Boris Johnson wants police to have to obtain "judicial approval" to access journalists' phone records in future.
The Mayor of London, who previously said he was "supportive" of the police's use of the Regulation of Investigatory Powers Act against journalists, told the London Press Club Ball last night that it is "crucial" that journalists should be able to protect their sources and give whistleblowers the confidence to come forward.
He said: "It is absolutely vital for our country and for this city that we protect free speech – and, if I can say something about one current controversy, it is of course right that the police should be able to investigate serious criminal matters.
"But it is also crucial that journalists should be able to protect their sources and to give whistleblowers the confidence to come forward and we will have to insist that in future the police will not be able to see a journalist's phone records without some kind of judicial approval."
Daily Mail proprietor Lord Rothermere also spoke at the ball, at the Royal Courts of Justice, saying that in the "current anti-press climate" there was "great danger of forgetting all the good work newspapers do and how vital their contribution is to the freedoms we enjoy in this country".
"So to our many critics I say this: remember that those freedoms are protected by a small and determined army who sometimes literally put their lives on the line to shine a light in dark corners of the world.
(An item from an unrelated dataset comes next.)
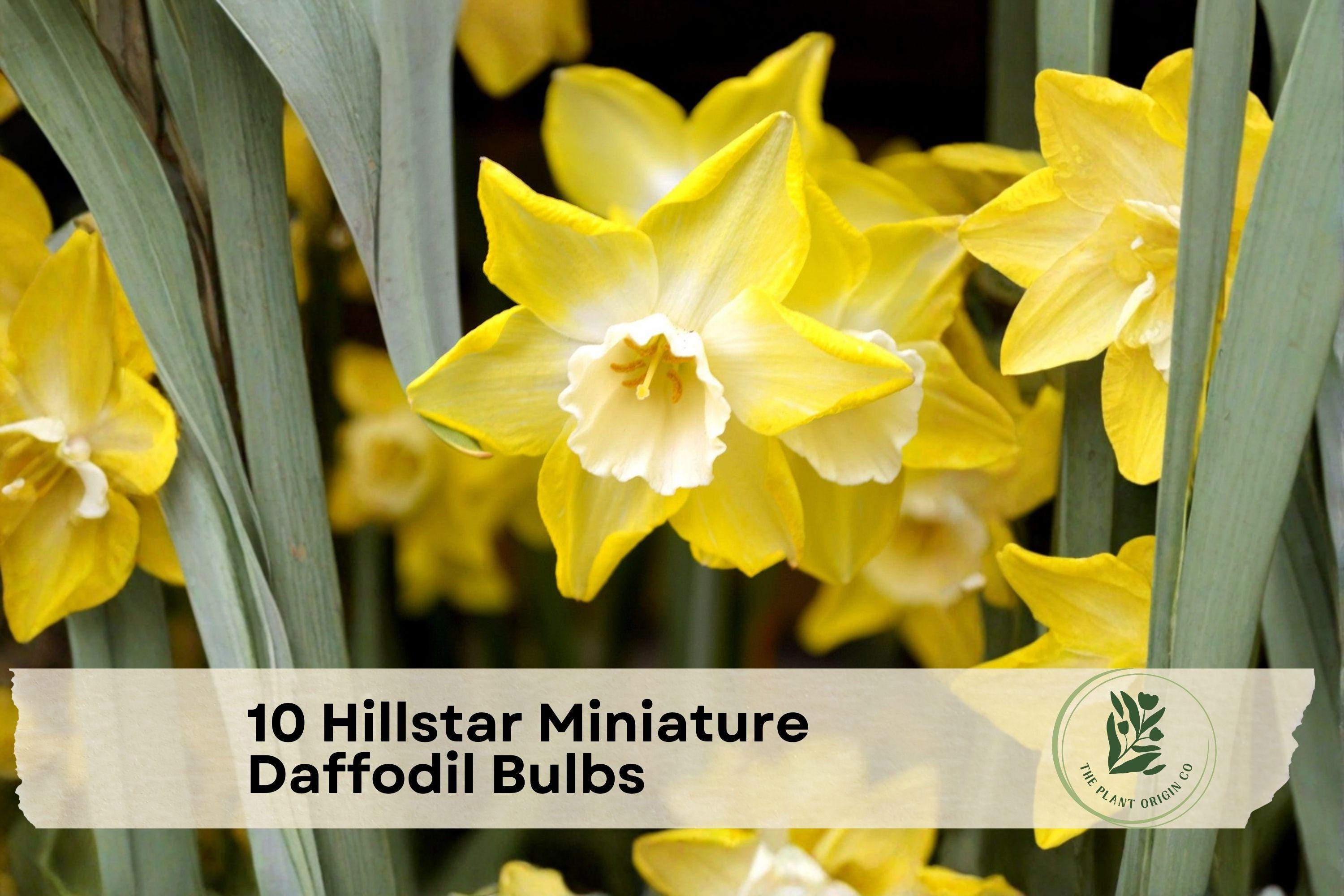 10 Hillstar Miniature Daffodil Bulbs – Bright Yellow Narcissus for Borders, Rock Gardens & Containers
And that army is under attack and undervalued as never before.
"So for the sake of our industry and for our democracy, I ask for more understanding and appreciation of the demands placed on Britain's journalists every day in their quest to establish the truth."
He said: "If we continue denigrating newspapers and undermining the work of the countless decent and honest journalists, not just in London but in every region, every town, we could end up destroying the very keystone upon which this country is built: freedom of speech."
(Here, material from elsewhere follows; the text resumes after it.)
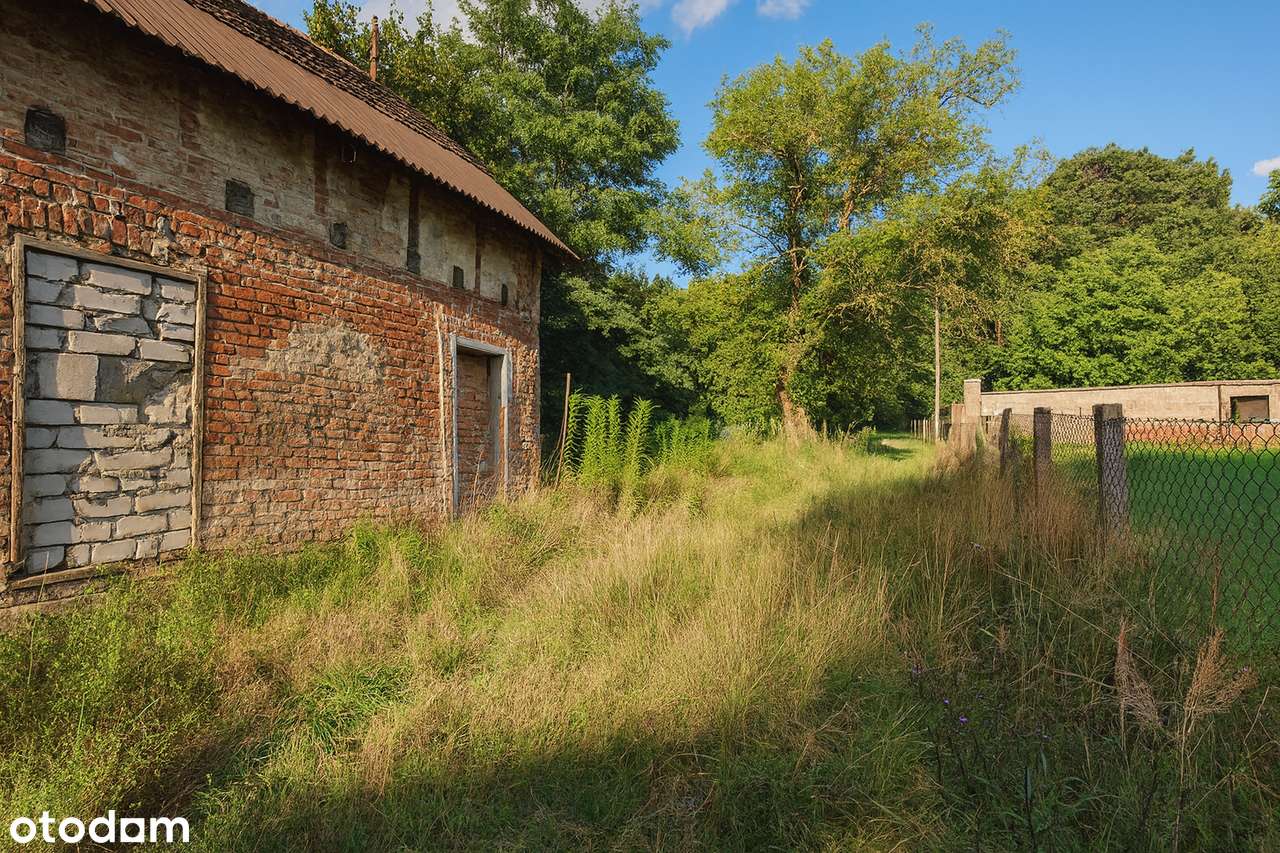 Twój azyl pod lasem – UNIKALNA działka z potencjałem w Wierzonce-8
As Mayor of London, Johnson has responsibility for holding the Metropolitan Police to account (the Mayor's Office for Policing and Crime replaced the London police authority in 2012).
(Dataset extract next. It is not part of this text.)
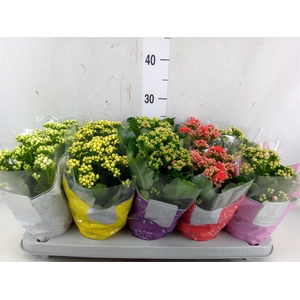 Kalanchoe blos. 'Perfecta'  ..mix 5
Last month, Press Gazette asked him detailed questions about use of RIPA against The Sun. In a written response he said that he couldn't comment on operational issues but that he was broadly supportive of the Met's use of RIPA and that in any case he felt sufficient safeguards were in place.
And earlier this week, on his LBC programme, Johnson defended the Met's use of RIPA against The Sun – before admitting he hadn't "studied" the case "in great detail".
LBC's Nick Ferrari said he was “staggered” to hear that Johnson, a former Daily Telegraph and Spectator journalist, believes RIPA can be used to find journalists’ sources, while discussing the case in which the Met obtained the phone records of The Sun newsdesk and political editor Tom Newton Dunn.
When the question over RIPA was first put to him on LBC, by Ferrari reading out a listener’s message, Johnson said: “I am concerned about this. And I want to look into this, because… it should not be possible, I don’t think, for the police just to go on fishing expeditions and see what journalists have been doing, who they’ve been calling.”
He pointed out that RIPA does not give public authorities power to read messages, just the ability to see see “when and where a contact was made”.
Asked by Ferrari if they should have that power, Johnson said: “I think when you are investigating a criminal case, and when there are… quite serious charges at stake, then the use of such techniques… I think may be justified."
Asked if the Met Police were right to go through Tom Newton Dunn’s phone records, Johnson said: “I don’t know what aspects of it they were investigating, there were obviously some serious-”
Ferrari said they wanted to know the source of his story. Johnson replied: “There were charges there that – there were suggestions there – that there was a conspiracy by armed officers at the gates of Downing Street…”
They were trying to find a source, Ferrari said, asking Johnson: “That’s acceptable in your world, is it?”
Johnson: “The police have a duty to try to use their… to track down…”
To go "fishing" through a political editor’s phone? Ferrari asked.
“Well… that’s where I think I might disagree. Was it fishing? Or were they trying to get to the bottom of the guilt or otherwise of… there were very serious charges here, which as I recall… involved the potential conspiracy by a group of police officers with weapons… to frame or defame a minister. Or alternatively that that minister had lied."
He added: "In either event it was a serious business. And if the police are within the law… as they seem to be…"
“I’m staggered that you think RIPA could be used for that,” said Ferrari, pointing out RIPA is an anti-terror act, which Johnson denied.
“I think it’s designed to create a framework… because obviously the state is very powerful, and it should not be able to look at what journalists are saying. It shouldn’t be able to look at the texts. What they can do, as I understand it at the moment, is look at when, where and how a call was made.
“All I would say, without going into the details of the particular case, and it might be in that case they went too far – I haven’t studied it, I’m afraid to say, in great detail – but if there are serious criminal charges at stake it seems to me that it is not unreasonable to use the powers that they have.”